This makes it possible for a visor manufacturer to choose a shield width 
which will provide satisfactory glare blocking under all conditions and 
circumstances. 
The eyes-to-shield distance is determined by the fore-aft position of the 
driver's seat, the angle at which the seat back is adjusted, and the tilt 
angle of the visor. For any given driver the first two settings normally 
remain constant, but the third has a substantial range of movement, thanks 
to the visor being hinged. This enables a driver to "adjust" the effective 
width of the shield to match the width of the glare area, and in turn this 
allows him to maintain the best possible view of the road on either side 
of the glare area and to see considerably better than if the glare were 
not blocked. To the objection that the shield would prevent a driver from 
seeing an object directly in line with the sun, the answer is that such an 
object is invisible anyway without the shield. As to glare which bypasses 
the visor on either side or at its lower corners this too can be 
effectively blocked by suitably positioning the shield and adjusting the 
visor's tilt angle. 
A finger-grip element is formed at the end of the projecting portion of the 
shield, shaped and sized to facilitate grasping and movement. Being 
slightly thicker than the shield it can also serve as an external stop to 
prevent the shield from being accidentally swallowed by the visor, which 
could occur if the shield's width were less than the depth of the slot in 
the visor. 
In a preferred embodiment of my invention, the material from which the 
shield is made is completely opaque, since this is the only way to 
completely block glare. Despite this, the majority of people automatically 
assume that any auxiliary glare-reduction device should and must be made 
from a tinted transparent material. A vehicle manufacturer afraid of 
challenging this `conventional wisdom` could in fact use a darkly tinted 
transparent material for the shield, and providing that its level of light 
transmission was low enough the results could be satisfactory enough. 

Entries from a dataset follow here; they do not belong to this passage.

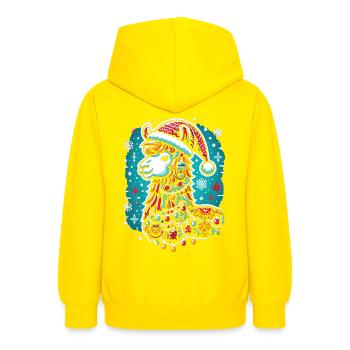 Festliches Lama: Weihnachtszauber - Teenager Hoodie - Gelb - Hinten - AI Model Teenager Male dark (155cm)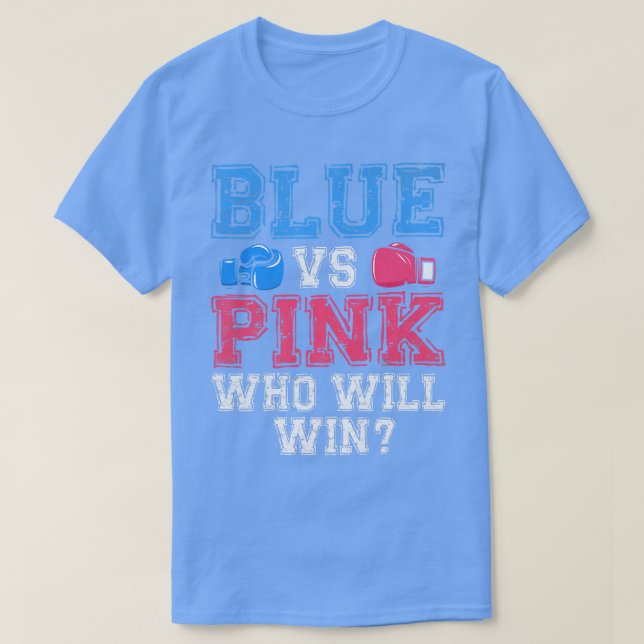 Niedliches Blau gegen rosa Geschlecht offenbart Pa T-Shirt (Design vorne)
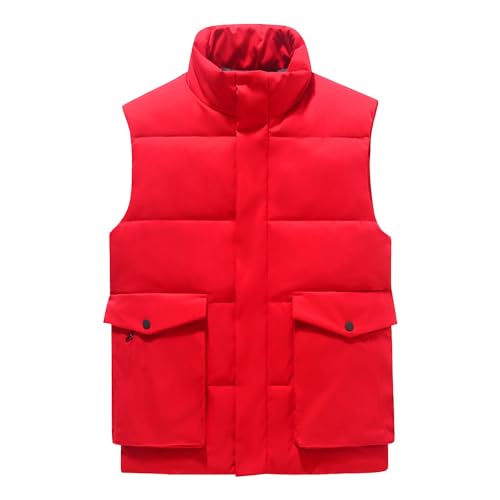 SWJGLITTR Herren Fleece-gefütterte ärmellose Jacke Stehkragen lässige gepolsterte Weste Mantel Sport Laufen Freizeitwesten Outwear, Rot/Ausflug, einfarbig (Getaway Solids), 4XL von SWJGLITTR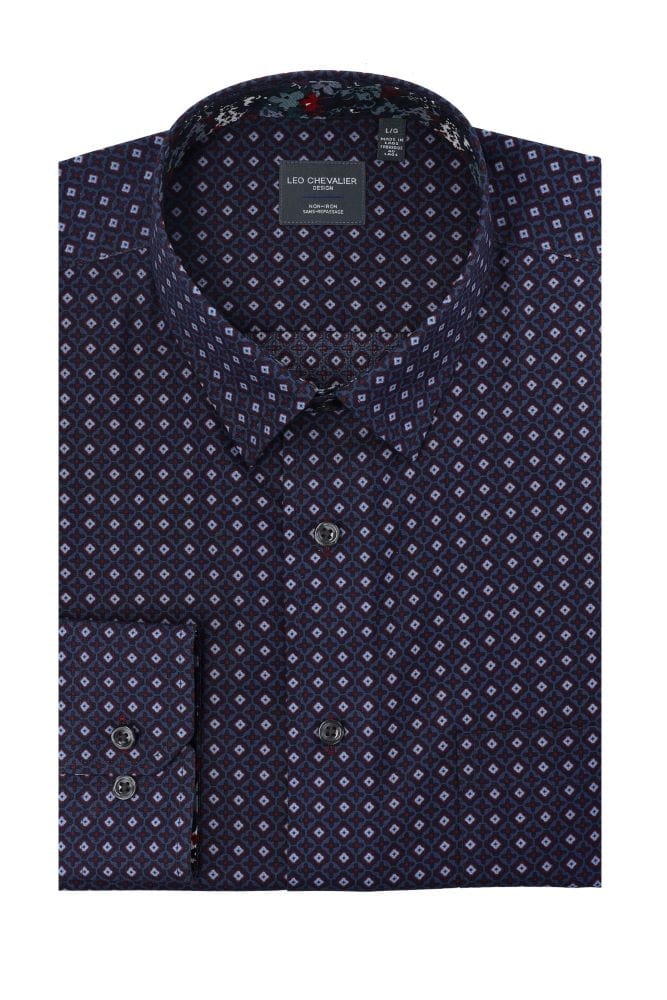 Leo Chevalier Design Classic Navy Shirt with White Diamond Print Long Sleeve 100% Cotton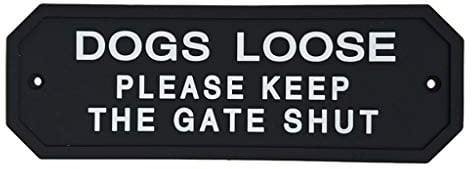 Duiaynke PVC Dog Loose Gate Sign, Rustic Wall Plaque Board Door Wall Hanging Decor for Garden Gate Family Gate Club Bar Decor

To obtain the required coefficient of friction between the shield and the 
visor either of two methods can be used, or they can be used in 
combination. In the first method, the frictional effect is achieved by 
providing an interference fit between the shield and the visor. The visor 
body opening acts like jaws which lightly `bite` the shield. The 
coefficient will depend on how tightly the visor is gripping the shield 
and on the surface finishes of the respective shield and visor areas that 
are in rubbing contact with one another. 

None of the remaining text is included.